Whether they were a few blocks away in the City or just waking up on Wall Street, investors scrambled to answer these questions and trade accordingly. Historical market reactions to terrorism and military acts suggests that markets stumble and remain weak after major events, according to a study by Andrew Chen at Southern Methodist University and Thomas Siems at the Dallas Federal Reserve.
The researchers found that US stocks fell between 6 per cent and 20 per cent in the 11 days of trading after the September 11 attacks, the Iraqi invasion of Kuwait, North Korea’s invasion of South Korea, the bombing of Pearl Harbor, Germany’s invasion of France in the second world war and the sinking of the Lusitania. Events such as the Kent State shootings, the first World Trade Center attack and the US embassy bombing in Kenya caused smaller declines.
Of course, these historical comparisons are probably not apt in this instance. First, since September 11, market participants have been obsessed with the notion of “pricing in” the risk of terrorism. While Londoners were caught unaware in this specific event, in general the markets have been prepared for such an event.
Carl Astorri, head of investment strategy at Barclays Wealth Management in London, said the most appropriate comparison was the Madrid bombing in March 2004. In that case, stocks in Madrid fell 8 per cent in three days, remained sluggish for a few days then took 14 trading sessions to recover to pre-bombing levels. “The initial impact is quite swift,” Mr Astorri said, adding that such events “can in due course provide a buying opportunity.” Mr Astorri also found an interesting response from the global markets: the further away the market, the less severe the market response. Japan even managed to rally in the session immediately after the Madrid bombing.
This time investors may be even quicker to shrug off the impact of the explosions. As the scale of the tragedy became clearer, many investors concluded it would have little effect on the markets overall. Indeed, even the broad sell-off that sent most indices off more than 3 per cent seemed to present a buying opportunity. Later in the session, European bourses recovered a good deal of their losses.
“On balance, I’m pretty encouraged by the market reaction today,” said Tim Price, senior investment strategist at Ansbacher & Co in London. “Terrorism is terrible, but it’s not going to keep people from eating and drinking. Not to be unduly blasé, but London has seen this before. This is life these days.”

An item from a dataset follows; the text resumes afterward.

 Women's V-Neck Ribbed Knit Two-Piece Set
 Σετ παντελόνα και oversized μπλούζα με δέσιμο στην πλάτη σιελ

Meanwhile, some New York investors sensed the market’s initial negative response was an overreaction, and positioned themselves accordingly. “I won’t be an outright buyer into the panic today, but I will be actively covering short positions to get more long exposure in this market.”
It could be that the market recovers all the ground it lost yesterday in the coming days, but that is a premature response. Initially, one trader expressed the hope that this would spell an end to the Federal Reserve’s interest rate increases, but that seems unlikely. In any case, if yesterday’s London blasts are followed by further events, the impact on markets will be much greater.